3 – Loi d’amnistie prise par Laurent Gbagbo en 2003. Tout le camp rebelle, soutenu par la communauté internationale, demande au Président Laurent Gbagbo, de libérer les prisonniers des tueries du 18 septembre, et d’amnistier les rebelles, suivant en cela l’exemple de ATT au Mali, avec les rebelles Touaregs. Le Président Gbagbo, au nom de la Paix nationale et de la Réconciliation nationale, a accédé à ces exigences du camp rebelle (Rdr, Mpci, Mpigo, Mjp, etc.) soutenu, dans l’ombre, par certains partis politiques. Les criminels qui ont porté le deuil au cœur de la Côte d’Ivoire et fracturé le pays furent ainsi amnistiés. Nombre d’entre eux, dont des analphabètes ou demi analphabètes furent même promus au rang de ministre de la République ! Et c’étaient les hommes de M. Ouattara.

4 – Disqualification juridique d’Alassane Ouattara. Monsieur Alassane Ouattara, jugé étranger par Henri Konan Bédié, et conséquemment disqualifié de la course à la présidentielle par ce dernier et, plus tard, par le Conseil constitutionnel de 2000 présidé par Tia Koné, sous la gouvernance de Robert Guéi, a été réhabilité en 2009, par la seule volonté du Président Laurent Gbagbo, soucieux qu’il était, lui, d’offrir la paix à ses compatriotes en peine sous le joug des kalachnikovs de Ouattara et ses bandes armées.

De ces quatre faits majeurs que nous rappelons à l’actuel chef d’Etat ivoirien, nous tirons les leçons et enseignements suivants :
De la démocratie et de l’Etat de droit.

Pourquoi, en 1999, M. Alassane Ouattara, lui si instruit des exigences de la démocratie et de l’Etat de droit, a-t-il exigé, avec l’outrance verbale qu’on lui connaît, la « libération sans condition » (l’expression était à la mode) de ses amis et camarades incarcérés à la Maca par le régime de Bédié pour faute lourde contre l’Etat de Côte d’Ivoire ? Pourquoi n’a-t-il pas laissé la justice faire son travail au nom de cette modernité politique qu’il brandit aujourd’hui ?
Traqué par Bédié, Alassane Ouattara n’a pu renter en Côte d’Ivoire qu’à l’issue d’un putsch militaire. Alassane peut-il affirmer qu’il était en exil de manière volontaire ? Plus que le mandat d’arrêt international, n’étaient-ce pas la menace et la peur de se faire arrêter par le régime de Konan Bédié qui l’avaient dissuadé d’oser rentrer en Côte d’Ivoire ?

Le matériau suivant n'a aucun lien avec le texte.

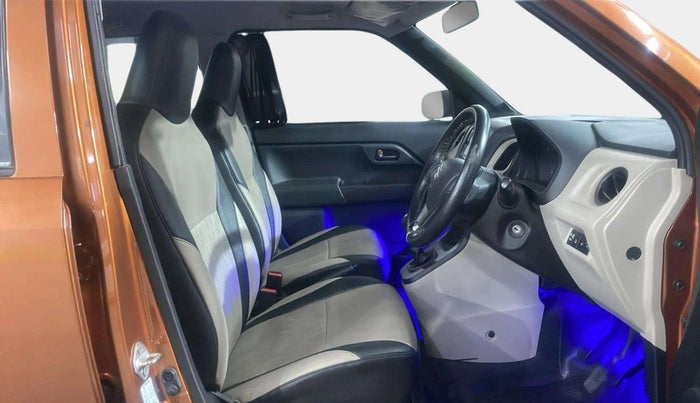 2021 Maruti New Wagon-R LXI CNG 1.0, CNG, Manual, 33,087 km, Right Side Front Door Cabin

Disons donc haut et fort à l’actuel chef de l’Etat ivoirien : nous, de l’URIF, avons été profondément déçus d’entendre un homme comme lui, qui a souffert de l’amère expérience de l’exil, dire de nous que nous sommes « des exilés volontaires » !

Non, Monsieur le Président, nul Homme ne choisit par plaisir de vivre hors du pays natal. La célérité mémorable avec laquelle les autorités françaises ont accordé le droit d’asile à Tiburce Koffi, est la preuve indiscutable que le péril ‘‘insécuritaire’’ attend tout exilé qui rentre en Côte d’Ivoire.
Le Président Ouattara peut-il dire aux Ivoiriens pourquoi, jusque-là, n’a-t-il pas fait libérer le professeur Assoa Adou, lui qui prétendait ignorer que cet universitaire de renom croupissait au fond d’une geôle ?
Le Président Alassane Ouattara refuse donc de promulguer une loi d’amnistie en faveur des prisonniers de la crise. A contrario, Laurent Gbagbo a amnistié les rebelles armés qui ont tué des milliers d’Ivoiriens. Laurent Gbagbo a-t-il eu tort de l’avoir fait ?
Justice pour justice, et modernité pour modernité, pourquoi donc ne pas respecter le symbole de la justice en mettant aussi aux arrêts les criminels issus des bandes de rebelles qui ont commis ces exactions inouïes sur le territoire ivoirien ? Le président Ouattara aurait prouvé, par ce geste, son haut souci de construire un Etat moderne et démocratique.
L’état moderne et la justice dont parle le chef de l’état n’est-il pas une « justice des vainqueurs » dénoncée dans le monde entier, y compris par les organisations de défense des droits de l’homme les plus crédibles ?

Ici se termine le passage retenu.